Siamo in Cina quando ancora la Cina non esisteva, il territorio era suddiviso in 7 regni in guerra tra loro, ma il sovrano di Qin combatte inseguendo un sogno, unire i regni per portare la pace.
Ma la pace si sa’ è sempre stata portata dall’uomo con la guerra, e questa guerra sanguinaria e spietata ha scatenato l’ira di 3 dei guerrieri più forti, che più volte attentarono da soli contro un’esercito alla vita del re. Eroi? Il film in apertura ci suggerisce che gli eroi, in una guerra sono da entrambi i lati, e per capirlo meglio il regista Zhang Yimou ci fa viaggiare tra le fitte trame della stessa storia raccontata dai personaggi in maniera differente, chi perché prova ad indovinare i fatti, chi perché mira a nascondere la verità che solo alla fine verrà fuori.

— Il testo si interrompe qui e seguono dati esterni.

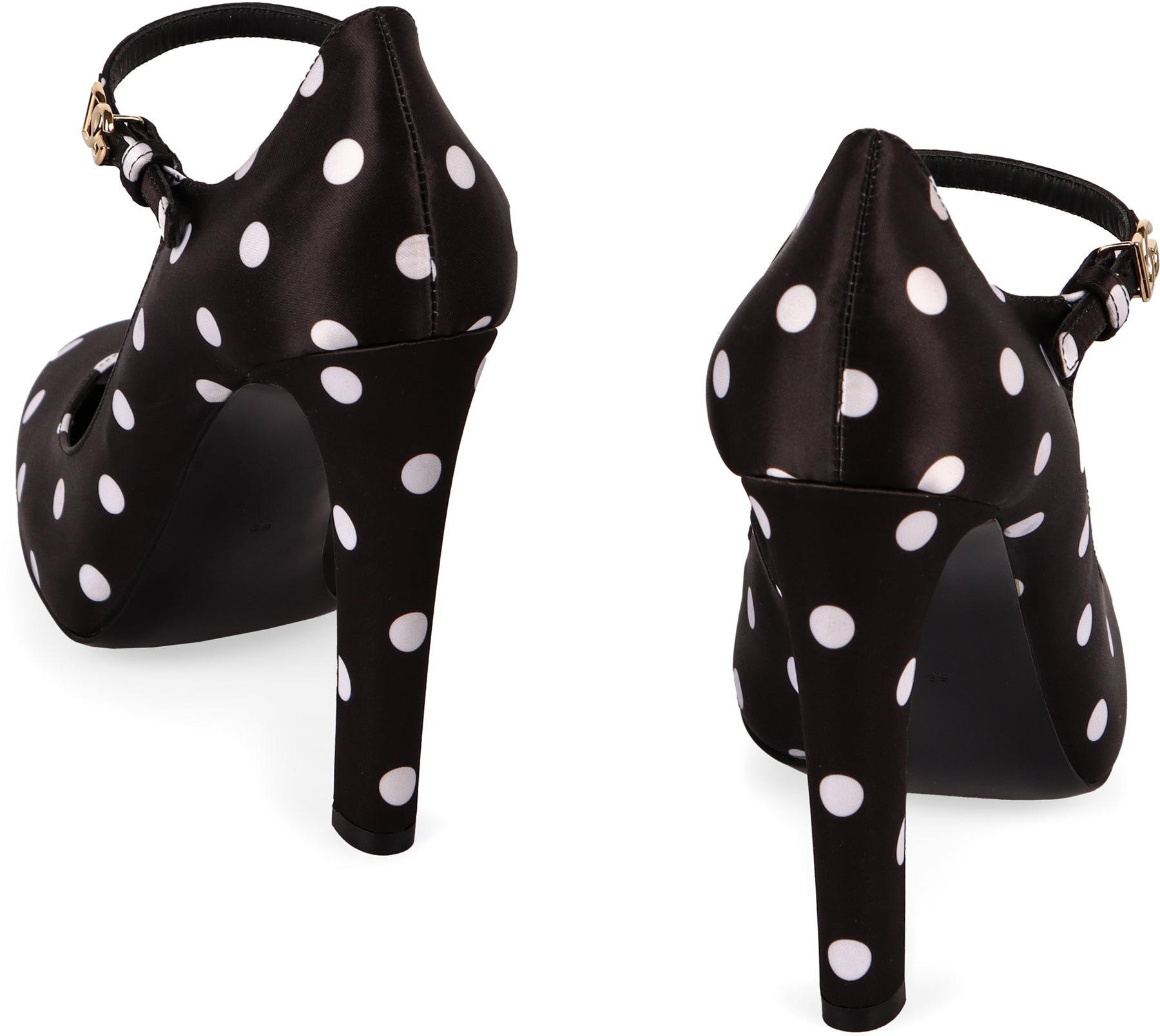 DOLCE & GABBANA Satin Polka-Dot Mary Jane Pumps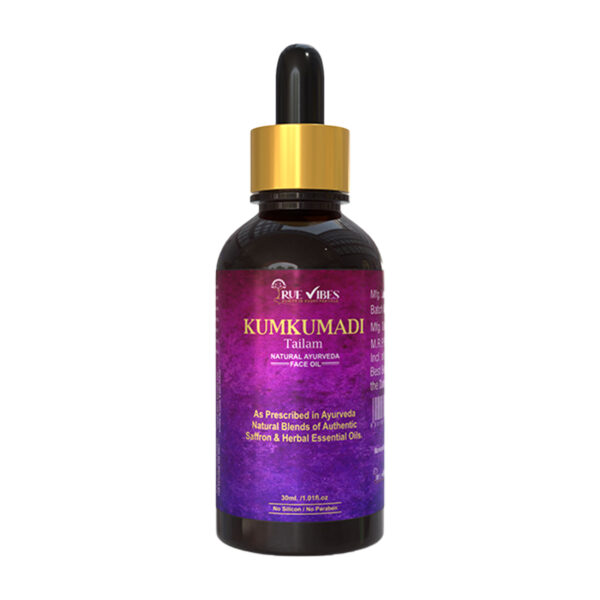 True Vibes Kumkumadi Tailam - Ayurvedic Face Oil with Saffron & Herbal Extracts | 30ml | Natural & Chemical-Free Skincare for Radiant, Youthful Glow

Il regista ci narra la storia grazie a dei flashback che illustrano i racconti dei protagonisti.
Già particolare il modo in cui si svolge il film, a renderlo unico ci pensa il lato acustico e figurativo, un virtuosismo cromatico ci accompagna per tutto il film scandendolo e quasi suddividendolo in sottocapitoli grazie ai colori dominanti che in alcuni tratti rendono il film quasi monocromo, scenari fantastici a volte surreali, una smisurata cura è stata messa nei dettagli, memorabile il duello sotto la pioggia segnato dal rumore delle gocce di pioggia che cadono sul pavimento di pietra, il tintinnare del metallo delle armi, i tonfi dei calci e dei pugni e da una musica che scandisce i tempi di una danza che porterà alla morte di uno dei due combattenti.
Un film in cui perdersi tra le colonne del tempio del sovrano, tra i rotoli di pergamena o tra le sete leggere di palazzo che sembrano muoversi come la superficie di un lago calmo increspato dal volo radente di qualche uccello. Inebriarsi con le coreografie di combattimenti che somigliano tanto a delle danze in cui anche gli elementi dello sfondo sembrano danzare, come le foglie gialle o rosse che seguono con un turbinio il volo del combattente o la massa nera di frecce che viene scacciata con un colpo di spada.
Un film che narra di 2000 anni fa’ eppur attualissimo nel riassumere un sogno in una frase che rimane impressa nella mente e scritta sulla sabbia ‘’ sotto un unico cielo’’.